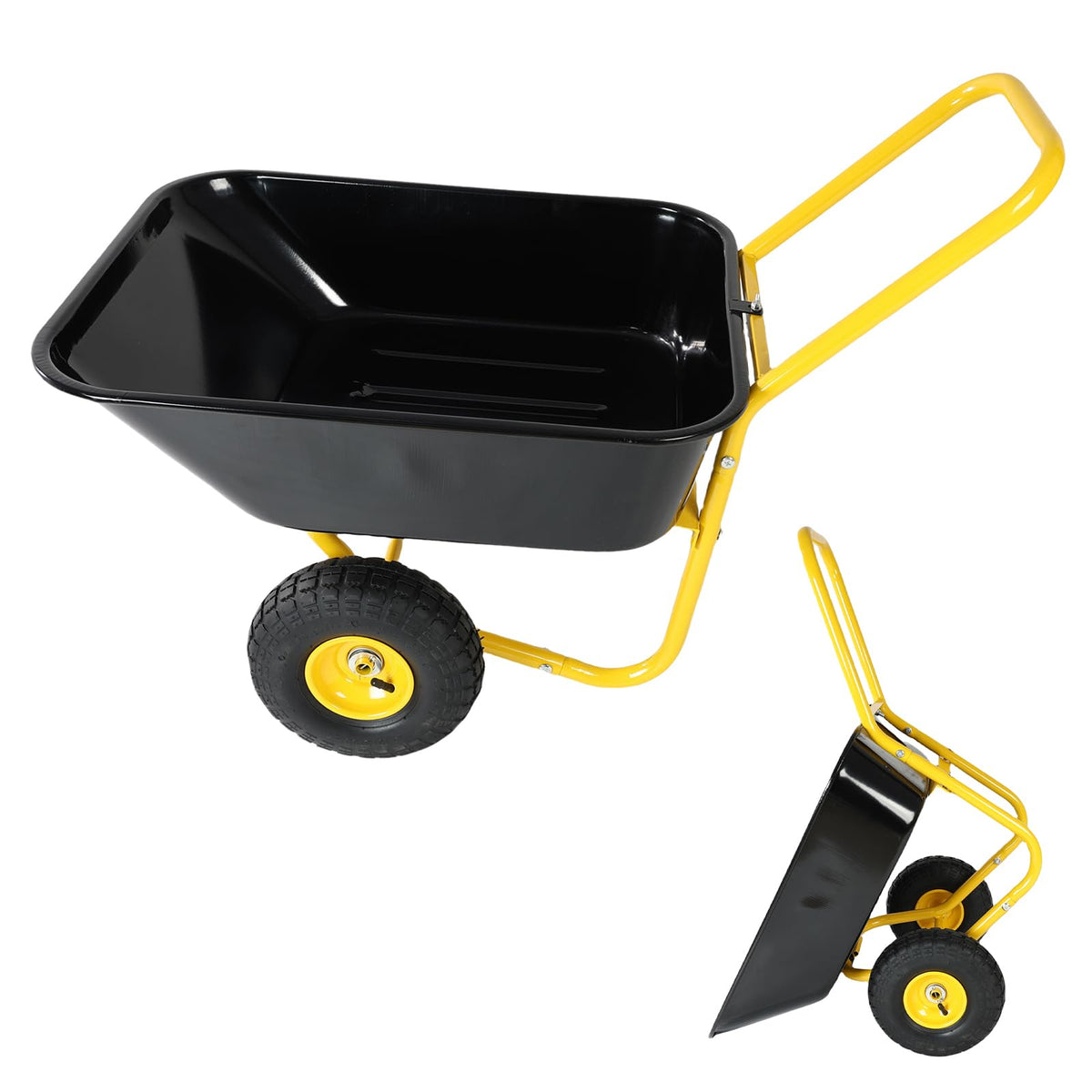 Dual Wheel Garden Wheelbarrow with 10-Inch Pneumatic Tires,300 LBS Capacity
==
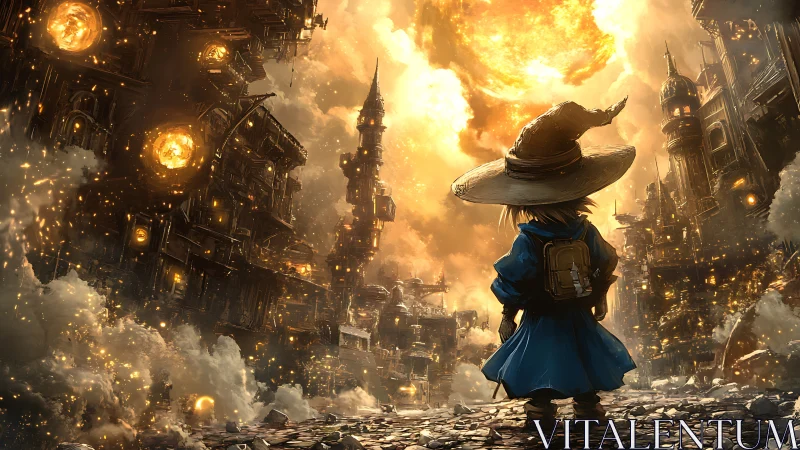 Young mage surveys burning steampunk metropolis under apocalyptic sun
--
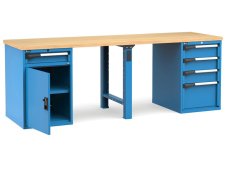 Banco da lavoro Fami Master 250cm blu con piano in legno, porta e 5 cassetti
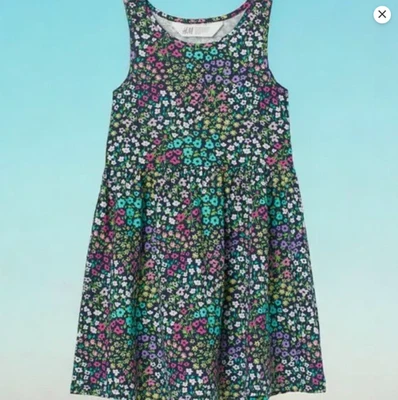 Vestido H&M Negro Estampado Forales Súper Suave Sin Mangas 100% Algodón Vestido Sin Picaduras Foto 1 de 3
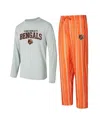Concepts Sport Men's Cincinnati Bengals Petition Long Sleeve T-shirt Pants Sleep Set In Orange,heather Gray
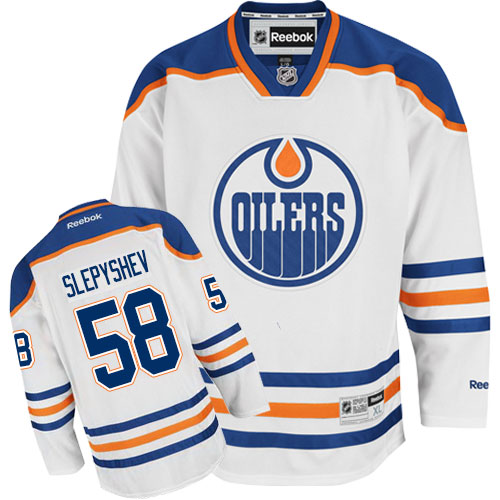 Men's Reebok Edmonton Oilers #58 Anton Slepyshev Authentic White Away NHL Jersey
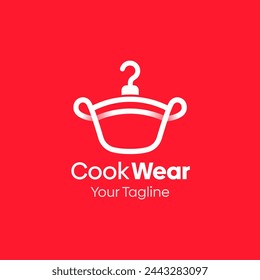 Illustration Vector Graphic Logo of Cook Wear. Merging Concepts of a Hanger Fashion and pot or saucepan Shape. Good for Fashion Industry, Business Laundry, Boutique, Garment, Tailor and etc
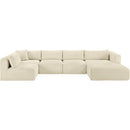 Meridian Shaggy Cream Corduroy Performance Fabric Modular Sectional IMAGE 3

*Work order*:
Above are the records; copy from them only the lines starting at the one containing "Banco da lavoro" and ending at the one containing "Meridian Shaggy Cream", exactly and without pictures.

*Answer to this exercise*:
 Banco da lavoro Fami Master 250cm blu con piano in legno, porta e 5 cassetti
 Vestido H&M Negro Estampado Forales Súper Suave Sin Mangas 100% Algodón Vestido Sin Picaduras Foto 1 de 3
Concepts Sport Men's Cincinnati Bengals Petition Long Sleeve T-shirt Pants Sleep Set In Orange,heather Gray
 Men's Reebok Edmonton Oilers #58 Anton Slepyshev Authentic White Away NHL Jersey
 Illustration Vector Graphic Logo of Cook Wear. Merging Concepts of a Hanger Fashion and pot or saucepan Shape. Good for Fashion Industry, Business Laundry, Boutique, Garment, Tailor and etc
 Meridian Shaggy Cream Corduroy Performance Fabric Modular Sectional IMAGE 3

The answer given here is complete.